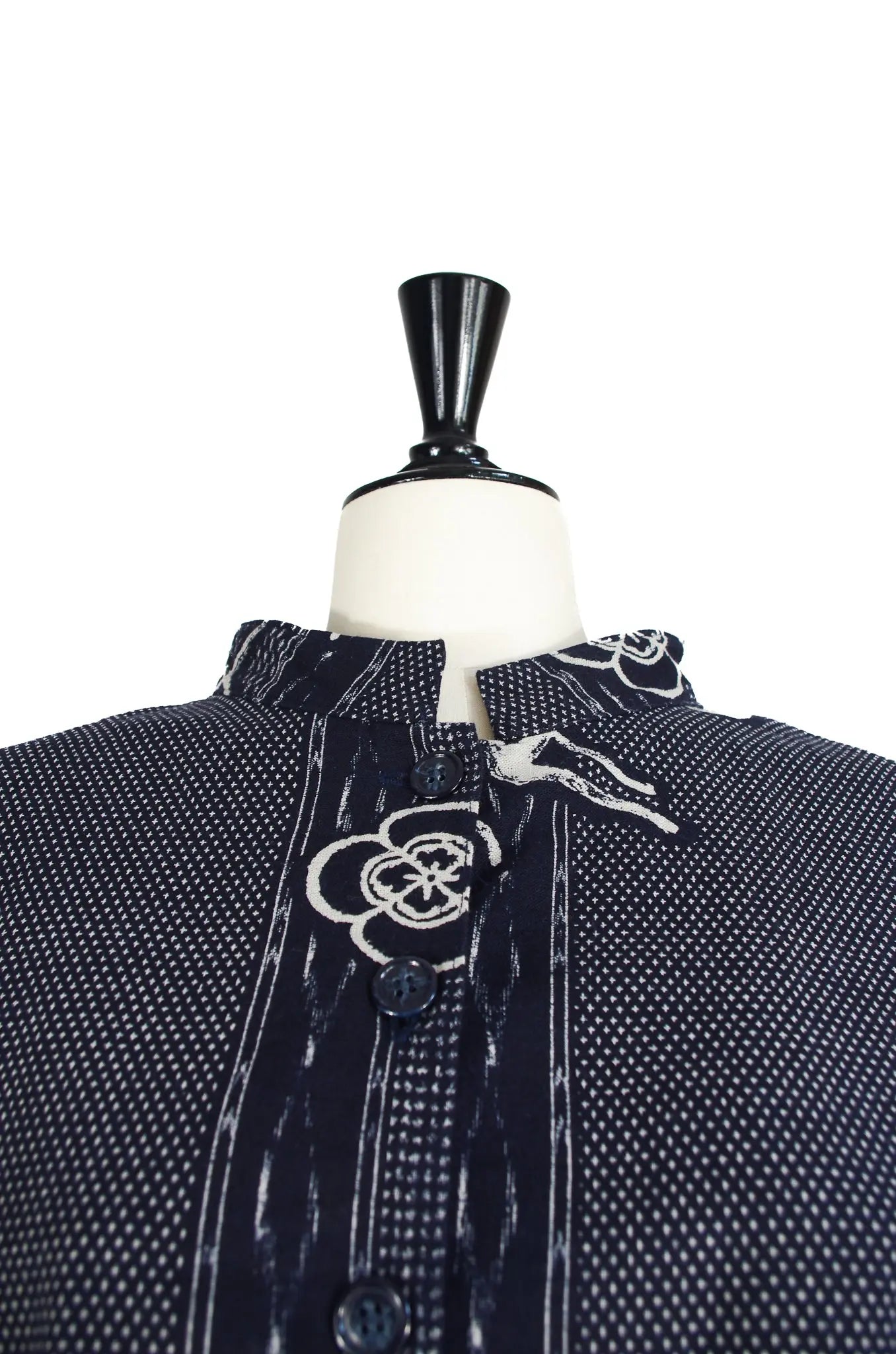 Robe Japonaise Taishō Kasuri – Motifs Historiques & Tissage Kasuri 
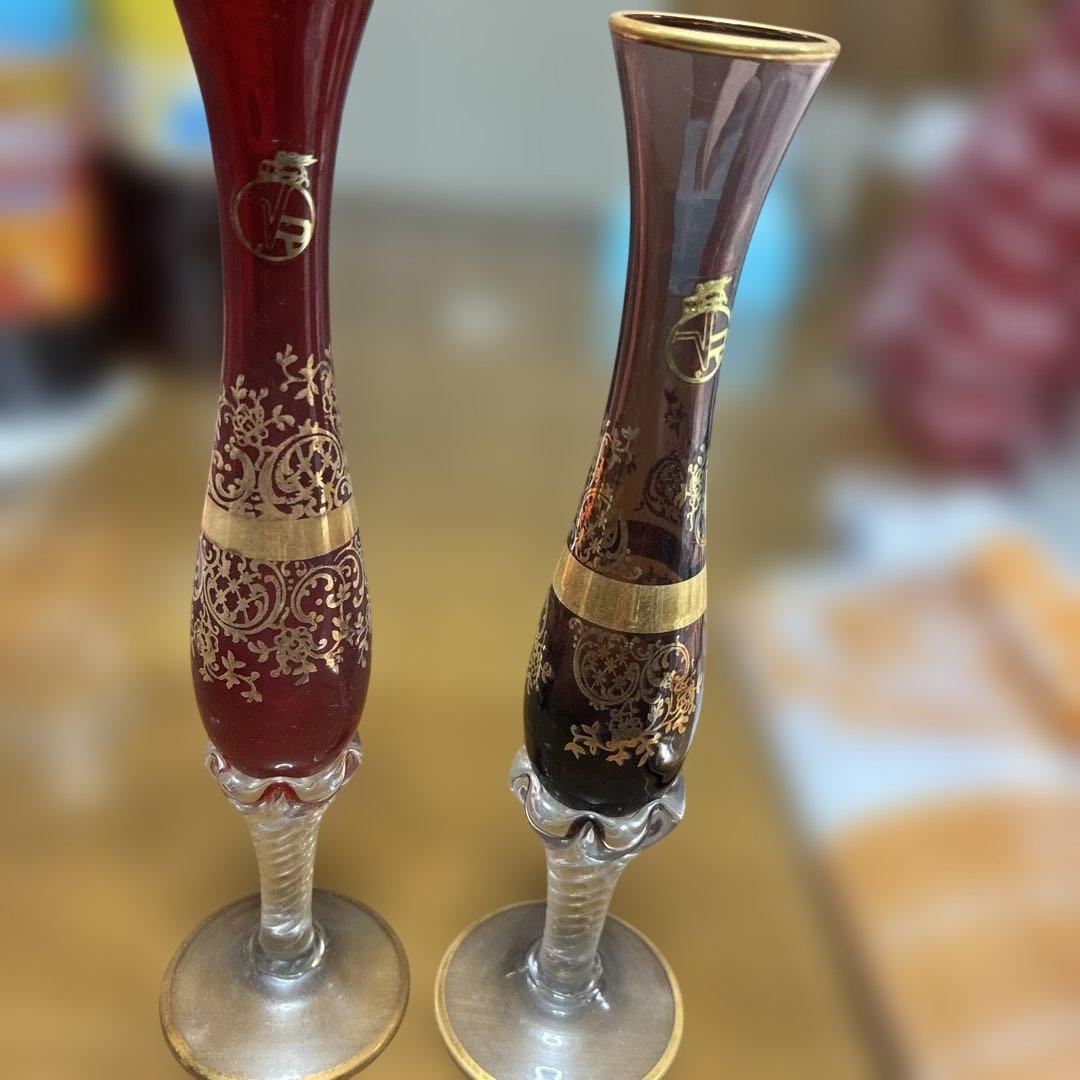 エレガントな赤黒一輪挿しふたつセット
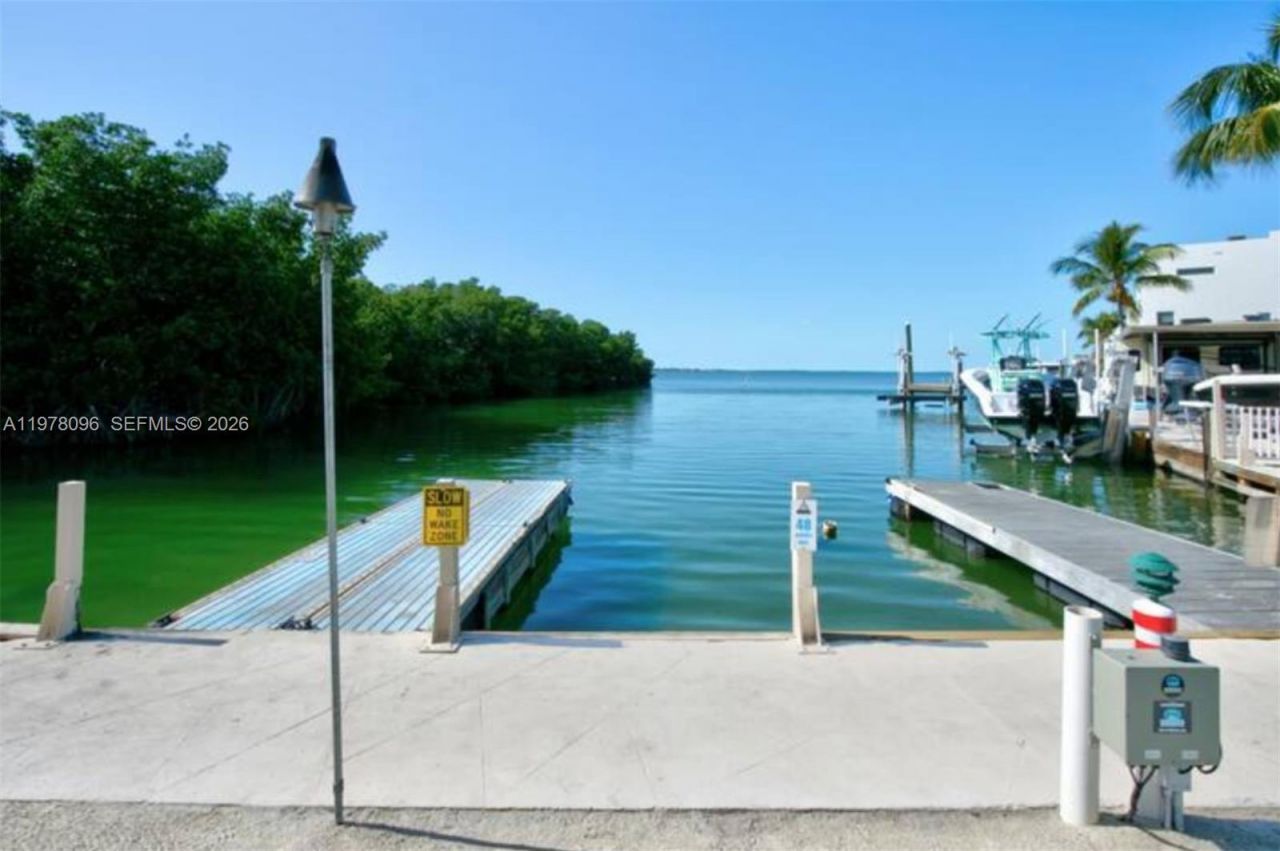 325 Calusa St , Key Largo, FL 33037 Photo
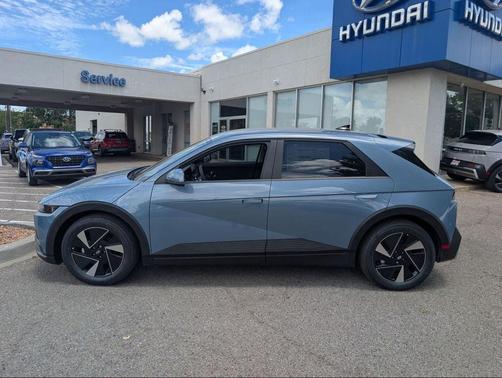 2025 Hyundai IONIQ 5 SE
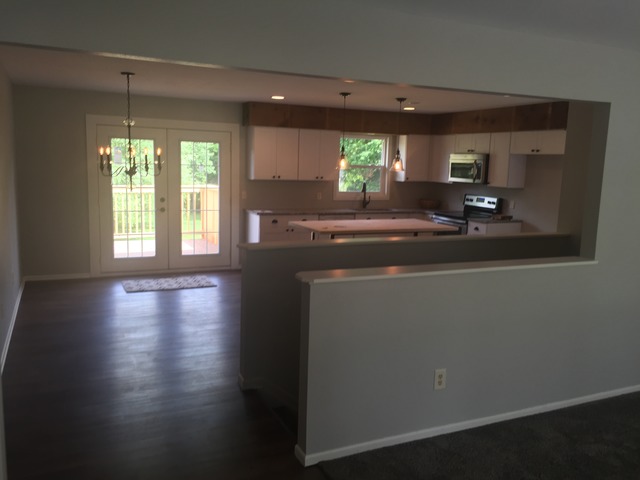 8320 Mark Dr, Roscoe, IL 61073 photo 4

-=-=-

■ **TRY IT**
Once the line containing "2025 Hyundai IONIQ 5 SE" is found, write out exactly that line and each line after it through the end of the entries, omitting pictures.

■ **RESULT OF THE TASK**
 2025 Hyundai IONIQ 5 SE
 8320 Mark Dr, Roscoe, IL 61073 photo 4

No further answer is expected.